Monday, June 17, 2019

The Fate of WGSA-AM


1310 WGSA-AM is an obscure little AM station. It existed for about 30 years but it's difficult to find any information on it beyond a few radio boards. It's listed in a Radio Annuals with varying sign-on dates in 1955 or 1956 under the ownership of Gardenspot Broadcasters. The real date is July 26th 1955. The American Radio History website even has a QSL letter [LINK] from September 1955 which refers to it's recent sign on. It started with 500 watts and jumped to 1,000 watts in 1956. It was operating at 5,000 watts by 1964.  Gardenspot also owned WIOV and WCBG-AM in Chambersburg. A 1962 issue of Broadcasting Magazine specifies that Samuel H. Youse (of Gardenspot) owned 33% of WABW in Annapolis, 25% of 1590 WCBG-AM and 90% of a then-unnamed application in Lebanon, PA.

Publication list WGSA as in directories as late as 1990, but it appears they went dark prior to 1988 while owned by Joel Michaels Media. LNP Columnist Larry Alexander described their playlist as "All elevator music, all the time" but he also praised their local programming. It's unusual for the era,  but Sam Youse had started out at 104.1 WLAB-FM in Lebanon, PA. He was there as early as 1950., possibly earlier as that station signed on in 1948.  Pennsylvania celeb DJ Dave May worked there from 1958 to 1972 and has great first hand information in the following account:
"The station went on the air in July 1956 as a 1KW directional day timer located on top of Ephrata mountain with a two tower array.
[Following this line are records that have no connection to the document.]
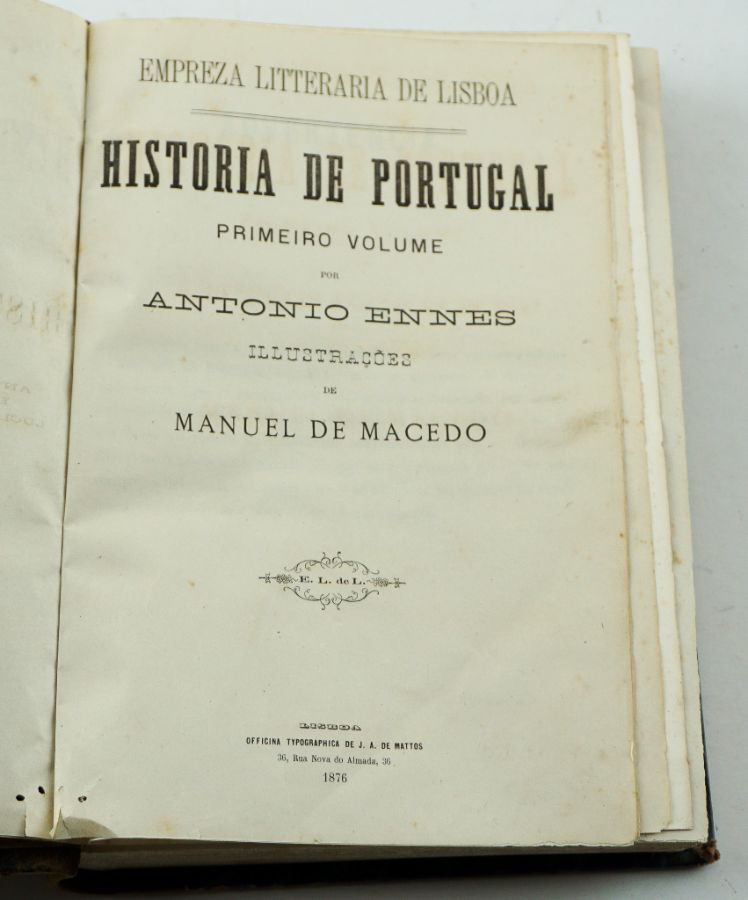 História de Portugal - 1876
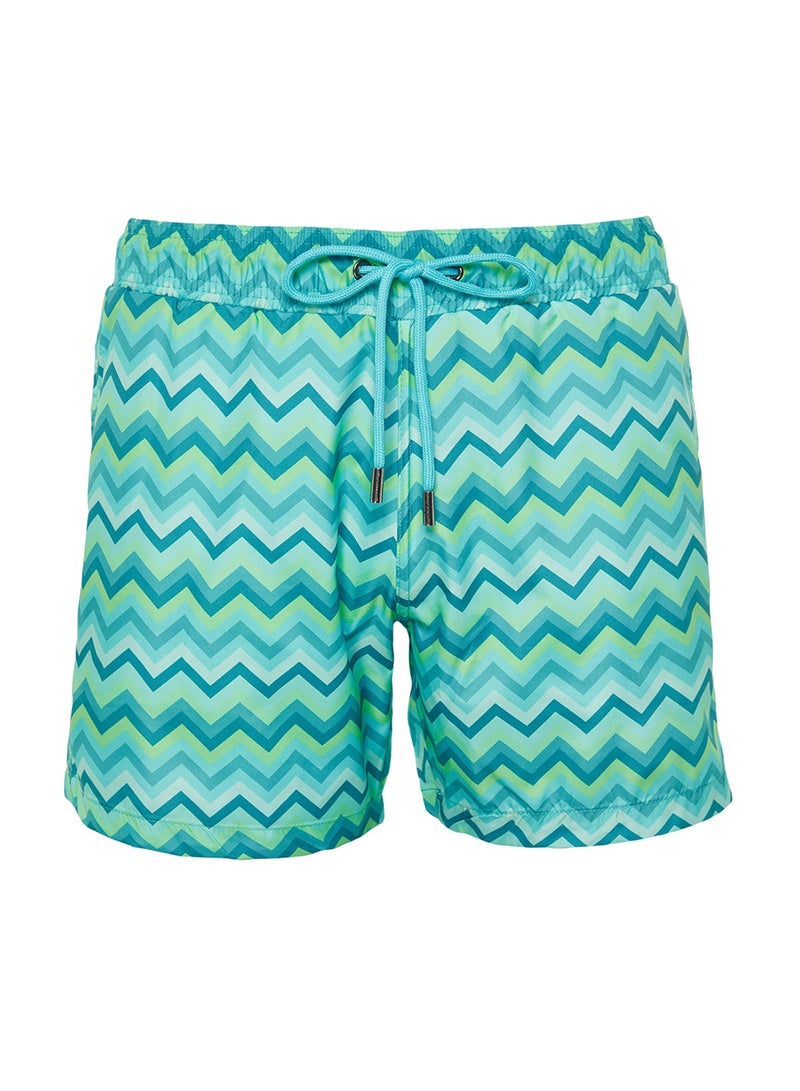 trendyol Colorful Standard Size Swimsuit - Sea Shorts TMNSS23DS00000 - Image 5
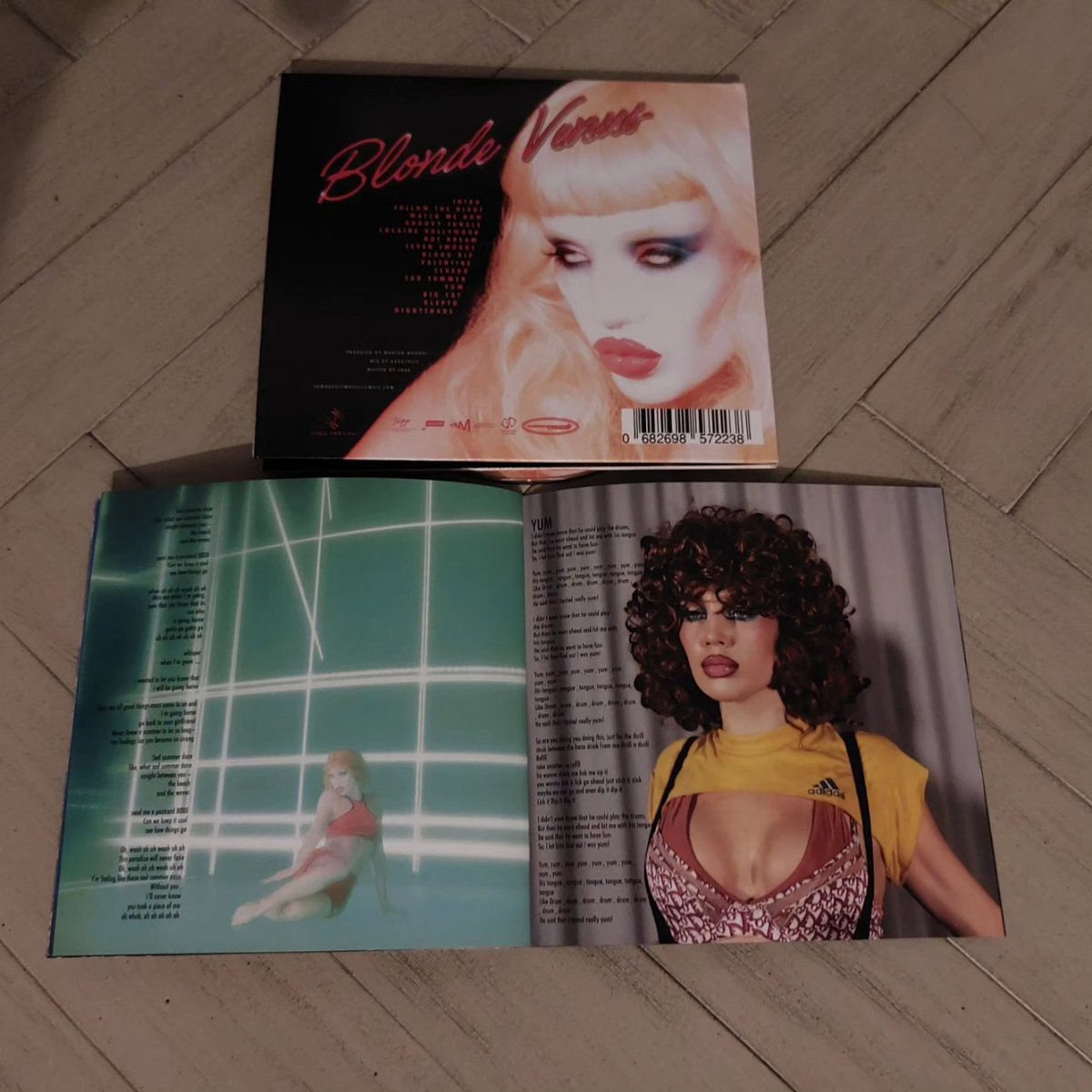 Lee Bennett (@backstreetjoe) on Twitter photo Banging dance pop/techno and electronica album from <a href="/QuealySamantha/">Sam Quealy</a> - the CD is beautifully done. Check out Cocaine Hollywood and Watch Me Now - my early faves. Banging dance pop/techno and electronica album from <a href="/QuealySamantha/">Sam Quealy</a> - the CD is beautifully done. Check out Cocaine Hollywood and Watch Me Now - my early faves.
The original owner was Garden Spot Broadcasters and the managing partner was Sam Youse. Sam was an engineer (1st class phone license). In that time, it was required to have a First Class License physically on duty whenever the station was broadcasting. The chief engineer was Ralph Haneman, a WWII vet with myriad experience in all phases of electronics. The two of these persons manned the station in shifts whenever the station was on the air. Some early personnel included Johnny Wells, Lee Scott, and Ed Loder, who along with Ralph comprised the announcer/DJ staff. With great support from local business advertising, the station was profitable from the start but the workload on the staff was enormous. I was hired in January 1958 when the station was but eighteen months old."
Early staff in addition to Sam Youse, and Dave May also included chief engineer was Ralph Haneman,  Johnny Wells, Lee Scott, and Ed Loder.  I don't know that it's related but after Dave May left WGSA, Sam Youse posted a help wanted advertisement in Broadcasting Magazine "Immediate opening experienced broadcast engineer to assume duties of chief AM/FM/Stereo knowledge able automation and solid state electronics. Need good technician, good maintenance. Call or write Samuel Youse, General Manager WGSA/WIOV Ephrata PA 17522"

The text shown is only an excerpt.